Tuning auto-scaling sensitivity using the API
To customize the autos-caling sensitivity and requisites, set the target and metric fields in the autoscaling.autoscalingconfig parameter.
The metric field is the data you are watching to make auto-scaling
decisions, which you can set to either concurrency or to RPS
(requests per second):
- Concurrency is the number of requests that each replica of the model shall aim to handle at once.
- RPS is the calculated requests per second handled over the polling period.
- Target is the target value of the metric that you aim to maintain. If the Target value is exceeded when calculating the metric value, new replicas will be spun up or down to maintain the Target value as the upper bound.
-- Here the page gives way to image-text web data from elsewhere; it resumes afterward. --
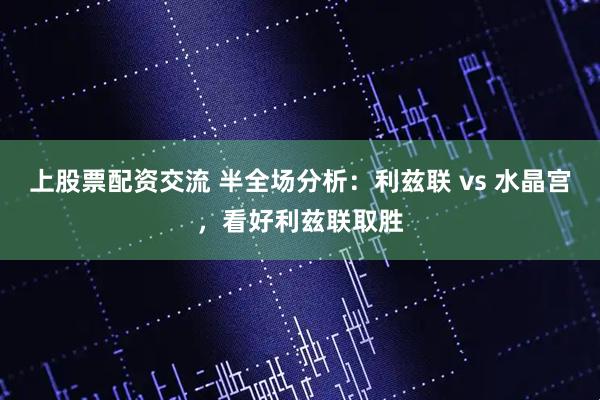 上股票配资交流 半全场分析：利兹联 vs 水晶宫，看好利兹联取胜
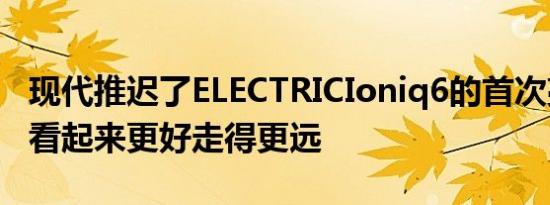 现代推迟了ELECTRICIoniq6的首次亮相让它看起来更好走得更远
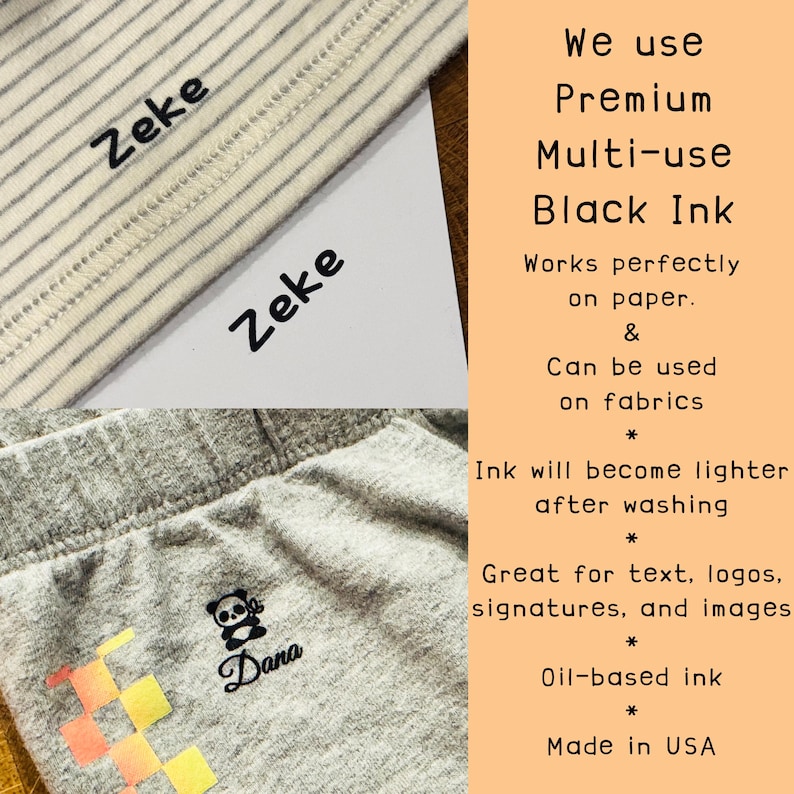 May include: A multi-use black ink product shown with examples of the name Zeke printed on striped fabric and paper, and the name Dana with a panda graphic on grey fabric. Text states: We use Premium Multi-use Black Ink, works on paper and fabrics.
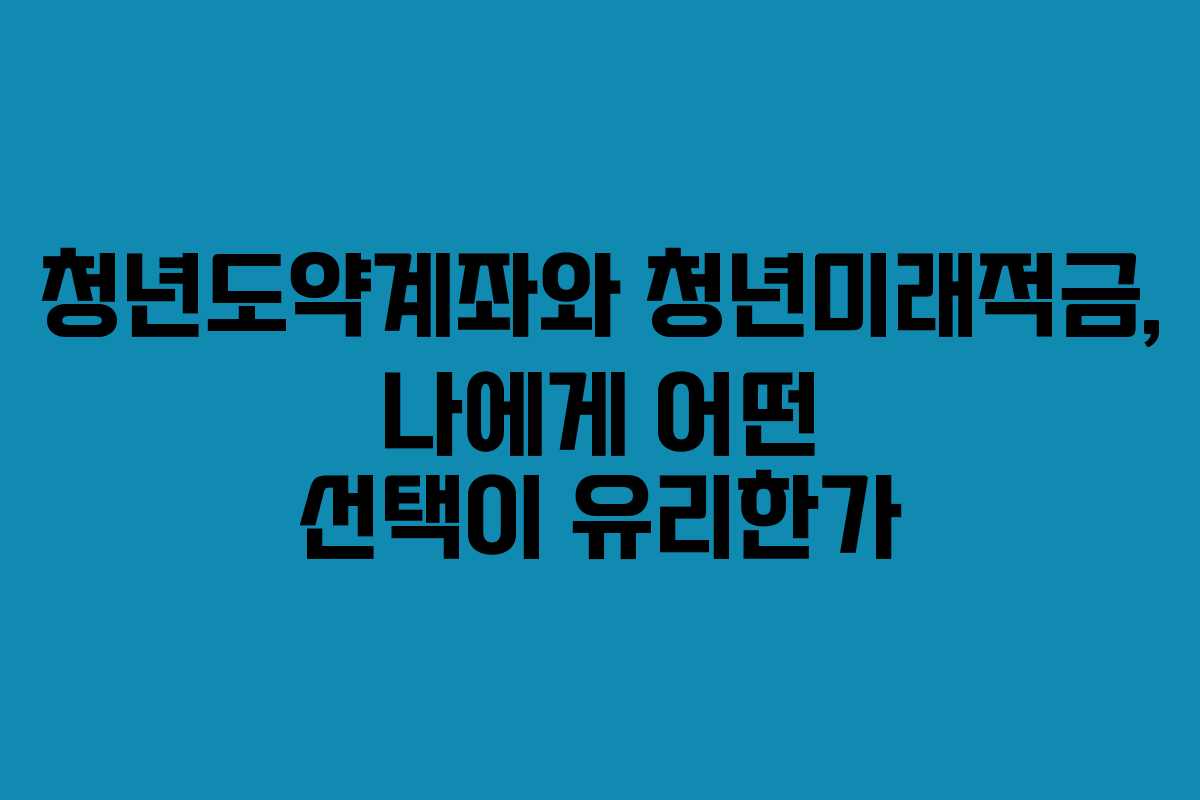 청년도약계좌와 청년미래적금, 나에게 어떤 선택이 유리한가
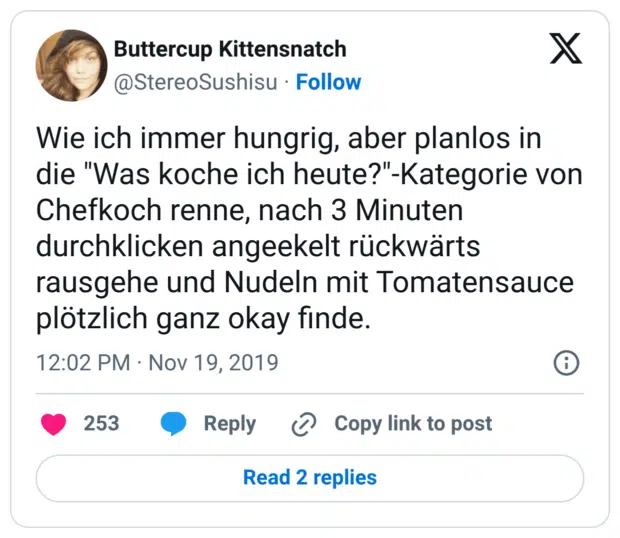 Wie ich immer hungrig, aber planlos in die "Was koche ich heute?"-Kategorie von Chefkoch renne, nach 3 Minuten durchklicken angeekelt rückwärts rausgehe und Nudeln mit Tomatensauce plötzlich ganz okay finde.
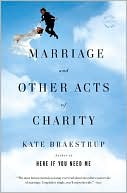 Marriage and Other Acts of Charity: A Memoir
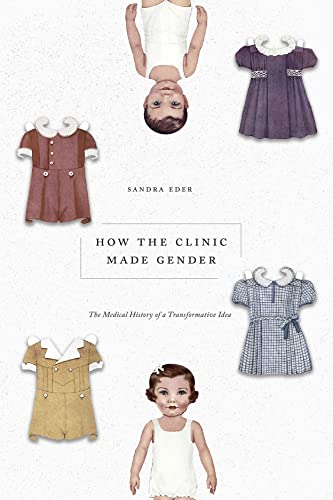 How the Clinic Made Gender: The Medical History of a Transformative Idea von University of Chicago Press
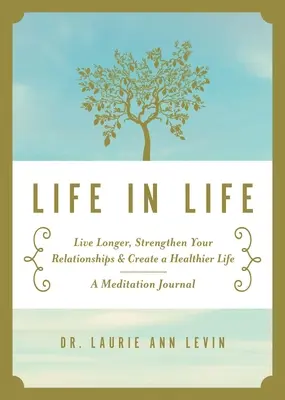 Życie w życiu: Żyj dłużej, wzmocnij swoje relacje i stwórz zdrowsze życie: Dziennik medytacji - Life in Life: Live Longer, Strengthen Your Relationships, and Create a Healthier Life: A Meditation Journal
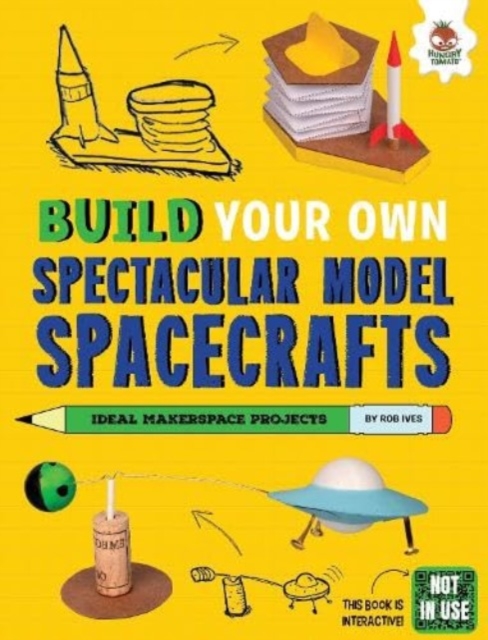 Build Your Own Spectacular Model Spacecrafts - Rob Ives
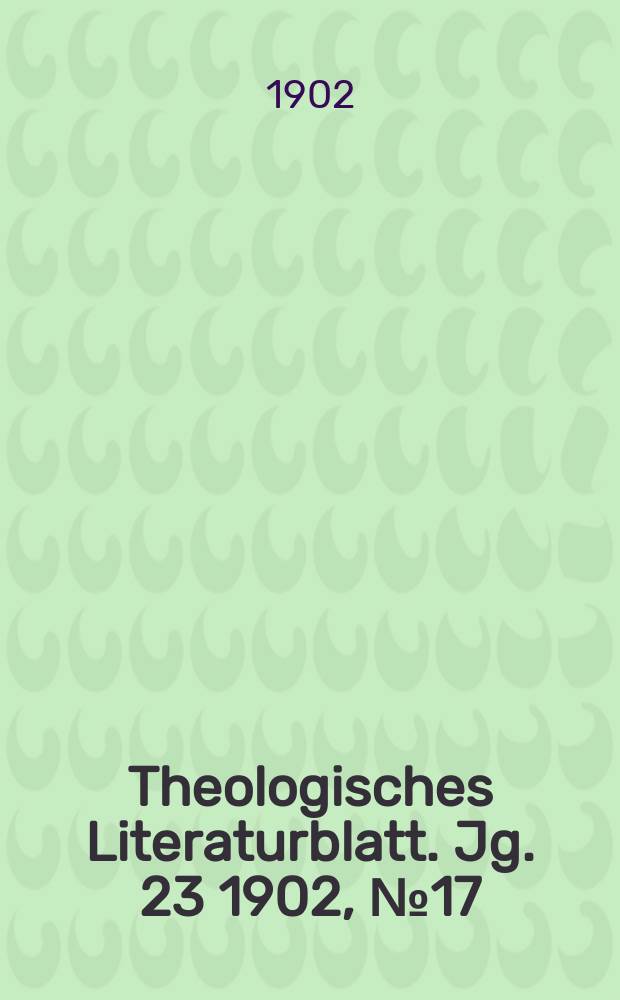 Theologisches Literaturblatt. Jg. 23 1902, № 17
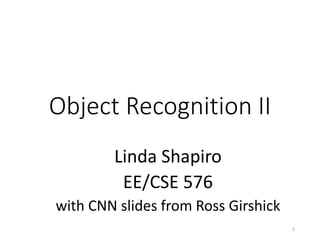 Object Recognition II
Linda Shapiro
EE/CSE 576
with CNN slides from Ross Girshick
1
 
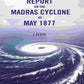 Report on the Madras Cyclone of May 1877 - Gyan Books - Swadesiicart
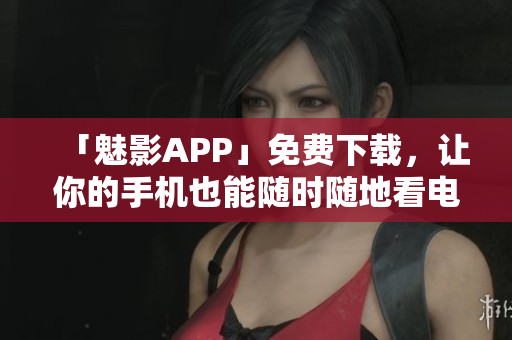 「魅影APP」免费下载，让你的手机也能随时随地看电影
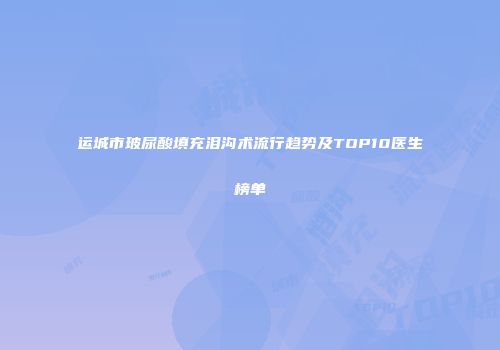 运城市玻尿酸填充泪沟术流行趋势及TOP10医生榜单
Set these values as follows:
# cat ./examples/mlflow/model-spec-cml-registry.json
{
"namespace": "serving-default",
"name": "mlflow-wine-test-from-registry-onnx",
"source": {
"registry_source": {
"version": 1,
"model_id": "yf0o-hrxq-l0xj-8tk9"
}
},
"autoscaling": {
"min_replicas": "0",
"max_replicas": "4",
"autoscalingconfig": {
"metric": "concurrency",
"target": "25"
}
}
}
The above example scales between zero and four replicas aiming to maintain at most 25 concurrent requests per replica, scaling the number of replicas deployed to maintain this target.